Aufgrund der pandemiebedingten Absage der Leipziger Buchmesse 2020 konnte der László F. Földényi seinen Preis für sein Buch „Lob der Melancholie. Rätselhafte Botschaften“ erst in diesem Jahr in Empfang nehmen. In seiner Dankesrede äußerte sich der ungarische Kunsttheoretiker, Literaturkritiker und Übersetzer László F. Földényi, Träger des Leipziger Buchpreises zur Europäischen Verständigung 2020 lobend: „Was könnte man alles loben? Auf Anhieb fällt mir da ein: Das Lob der freien Rede, der offenen Gesellschaft, des Umweltschutzes, des Liberalismus; das Lob einer Politik, die sich dem entfesselten Kapital widersetzt. Und so weiter.“ Ein Thema sei aktueller als das andere, zumal in einer von Krisen geprägten Zeit. „Die auslösende Ursache der Krise war in Wahrheit etwas, was ich als den zunehmenden Verlust der menschlichen Werte bezeichnen möchte. Und damit sind wir schon beim Thema der Melancholie.“, wie László F. Földényi betonte. Im Buch beschäftige er sich mit der Krise unserer Zeit, zu deren Hauptmerkmalen das Vergessen gehöre. „Wenn eine gegebene Zivilisation vergesse, wie zerbrechlich ihr Sein ist, wie außergewöhnlich, wie einmalig ihre Situation nicht nur innerhalb der Menschheitsgeschichte, sondern auch im Universum sei, wie verschwindend gering die ihr zugemessene Zeit im Vergleich zur universellen Zeitlosigkeit sei, wenn sie das also vergisst, bemächtigt sich ihrer der Hochmut, die Hybris, und sie nimmt auf nichts mehr Rücksicht“, so der Preisträger 2020. Melancholie verhelfe zu mehr Offenheit.
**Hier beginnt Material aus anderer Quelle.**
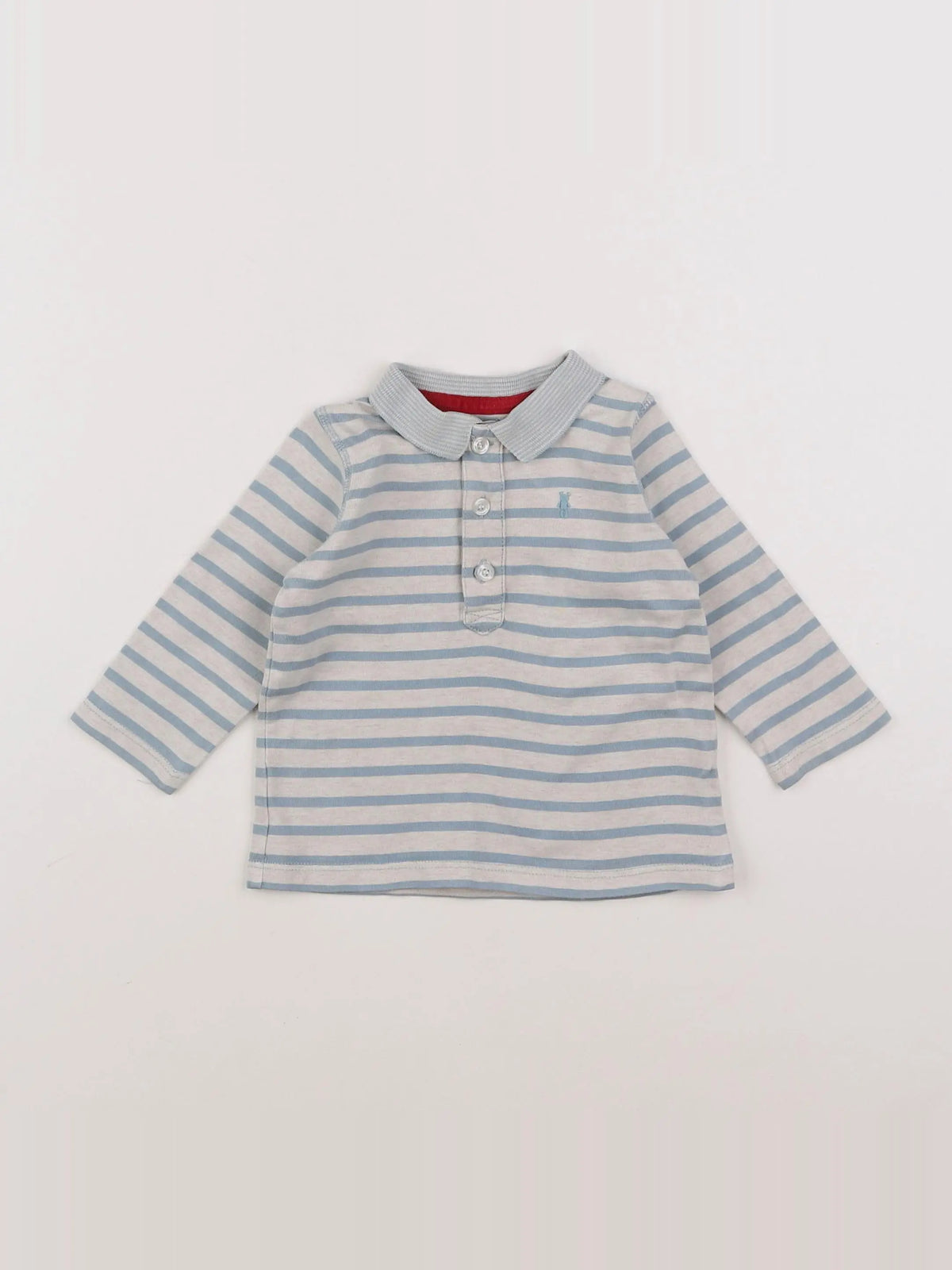 Natalys - polo gris, bleu - 9 mois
Sie helfe zu erkennen, dass die Menschheit nicht allmächtig sei. „Ich sprach vom Verlust der menschlichen Werte. Man bemüht sich, etwas dagegen zu unternehmen – mit Taten, mit Worten. Oder mit Büchern“, setzte er fort. „Dieser Leipziger Buchpreis zeigt – wirft man einen Blick auf die Liste der bisherigen Preisträger –, dass es noch Inseln gibt, wo man versucht, dem allgemeinen Zeitgeist wirksam entgegenzutreten, gerade im Namen der menschlichen Werte.“

Der Leipziger Buchpreis zur Europäischen Verständigung wird seit 1994 jährlich von der Stadt Leipzig, dem Freistaat Sachsen, dem Börsenverein des Deutschen Buchhandels und der Leipziger Buchmesse vergeben.